Within a short time, the capacitor approaches 12 volts and the battery is pumping almost no power into the primary.  Therefore the plasma shuts down and the spark cycle is terminated.  The loop returns back to it's intital conditions before the switch was closed; the capacitor having 12 volts across it and the primary not conducting and therefore having is zero volts across it.

If the above explanation is correct, then the reason the spark is bigger with the added capacitor is that the capacitor completes the circuit that allows the battery to discharge directly into the plasma via the coil acting as a step-up transformer.  The plasma creates a resistor and the battery discharges through this "plasma resistor" until the capacitor reaches a high enough voltage to shut down the "direct battery-plasma reaction."  There may be some secondary voltage ringing artifacts observed, but these will have nothing to do with the actual plasma burn.  To verify this, a small loop of wire could be carefully placed near the high voltage circuit to act as a pick-up coil that detects the "ticks" on a scope that show the start of the plasma burn and the end of the plasma burn.  A second scope channel could look at the voltage increasing on the capacitor.  The assumption is that you would see a "plasma start burn tick" just as the capacitor voltage starts to rise and an "plasma end burn tick" when the capacitor voltage approaches 12 volts.  If any secondary ringing is observed, the assumption is that the ringing will not be directly related to the "direct battery-plasma reaction."

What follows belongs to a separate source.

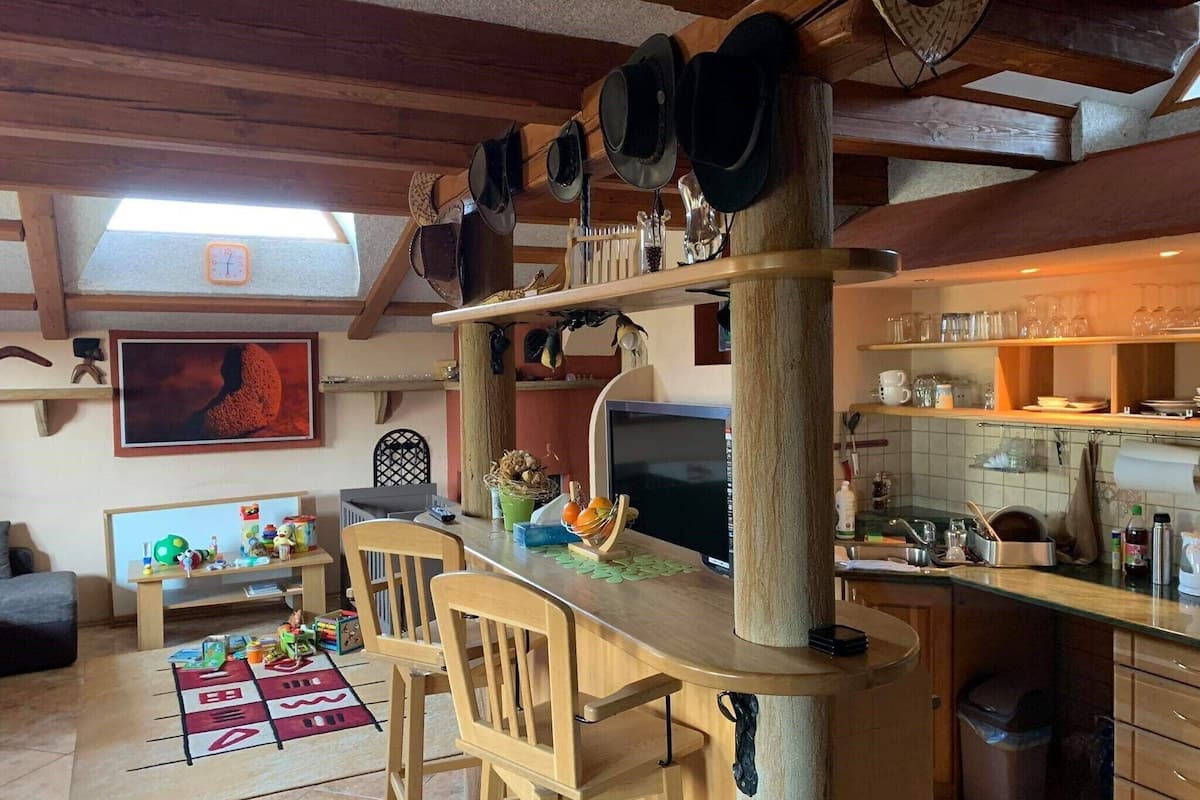 A cozy kitchen with wooden beams, a bar area, and a dining space with a children's play area.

So, the instant after the switch opens, when you look at the capacitor voltage, you will see it start at zero volts and end at 12 volts.  When you look at the primary voltage, you will see it start at 12 volts and end at zero volts.  There will be no ringing or resonance, rather there wil just be singular rises and falls of voltage in the primary circuit - a "one shot."  This is a classic pulse circuit action.